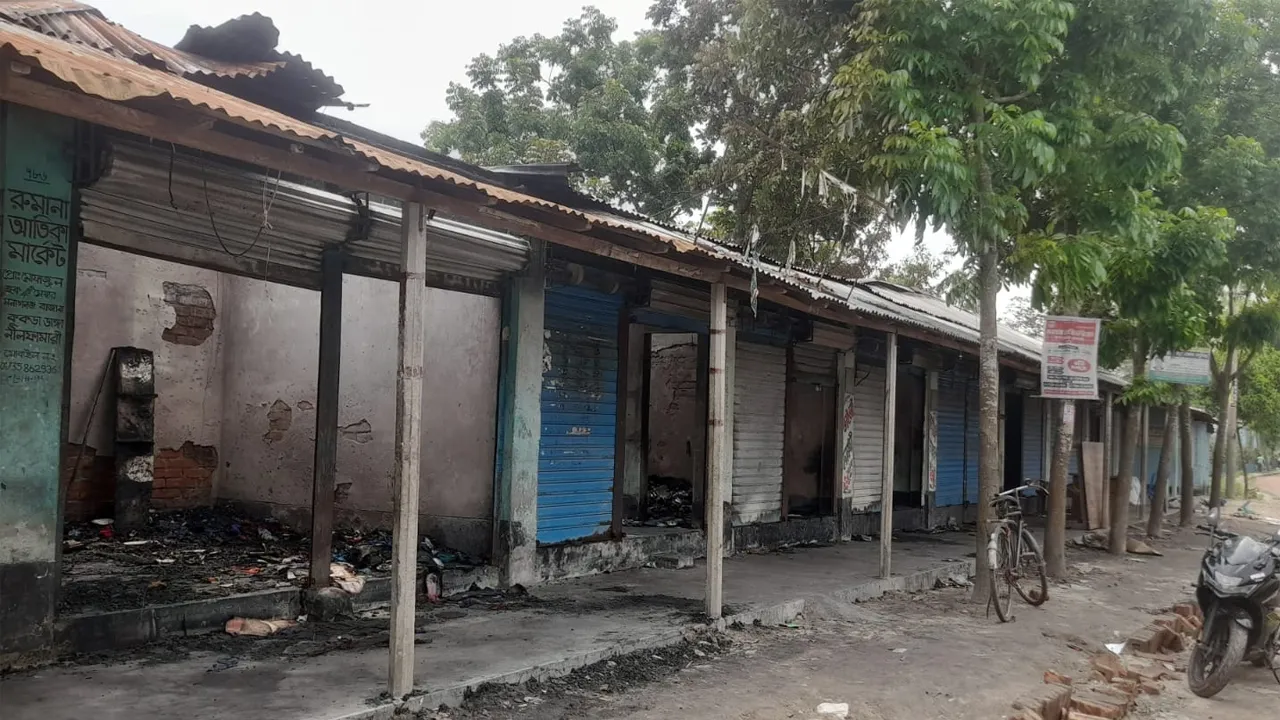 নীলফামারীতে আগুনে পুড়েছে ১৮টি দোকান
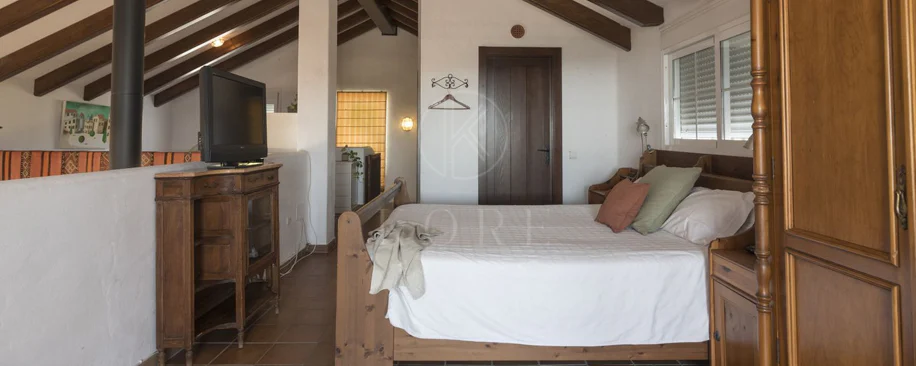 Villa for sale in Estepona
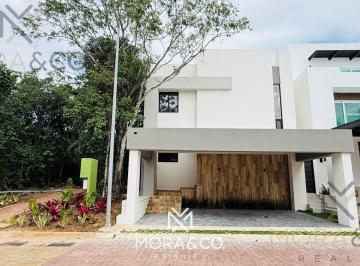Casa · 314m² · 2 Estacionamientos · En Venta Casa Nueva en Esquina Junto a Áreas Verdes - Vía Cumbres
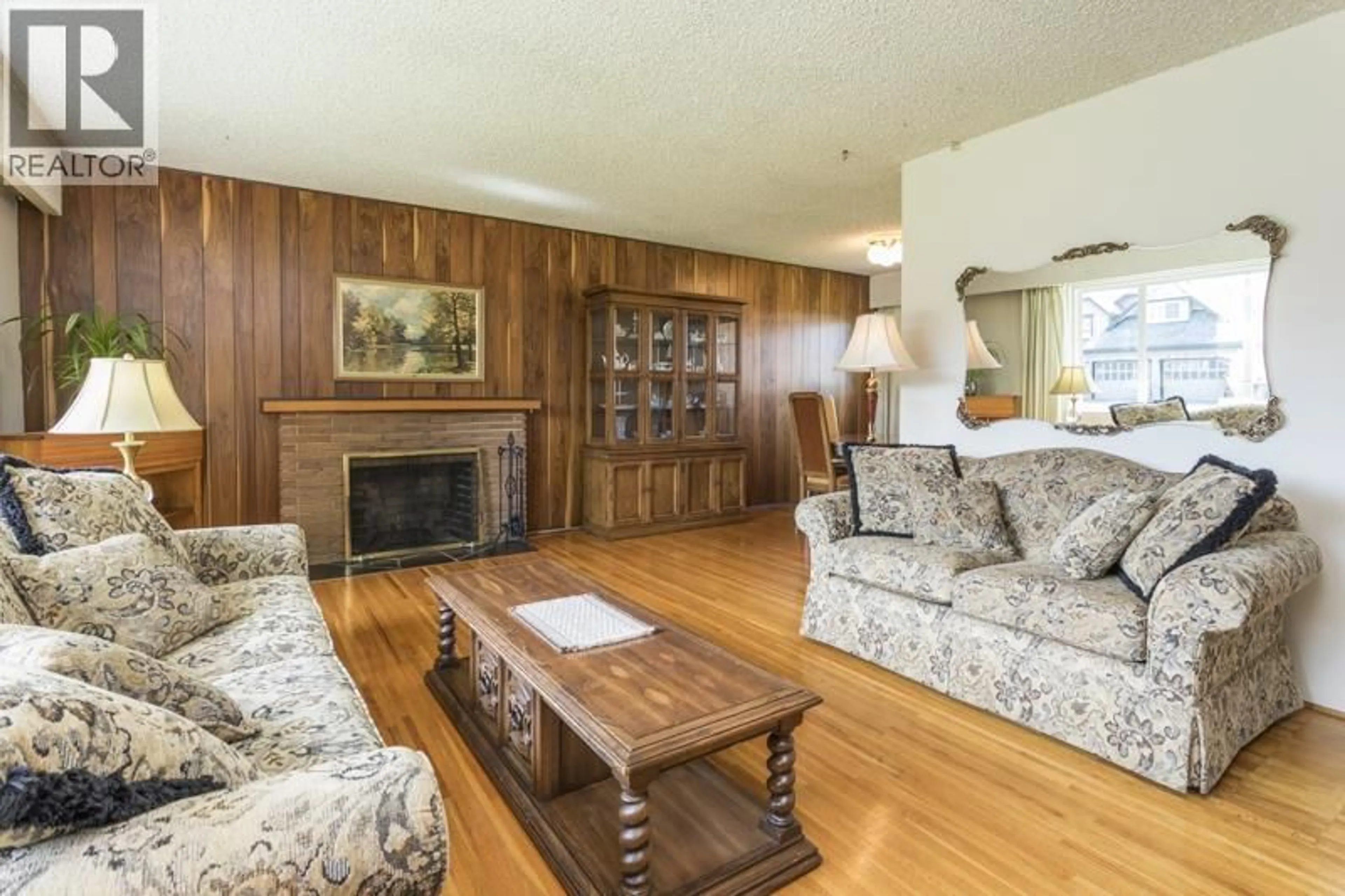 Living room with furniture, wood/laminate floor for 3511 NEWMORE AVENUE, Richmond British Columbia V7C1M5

- _Instructions to follow_
Please output the listing above in full, exactly as given, without its images.

- _Result of the task_
 নীলফামারীতে আগুনে পুড়েছে ১৮টি দোকান
 Villa for sale in Estepona
Casa · 314m² · 2 Estacionamientos · En Venta Casa Nueva en Esquina Junto a Áreas Verdes - Vía Cumbres
 Living room with furniture, wood/laminate floor for 3511 NEWMORE AVENUE, Richmond British Columbia V7C1M5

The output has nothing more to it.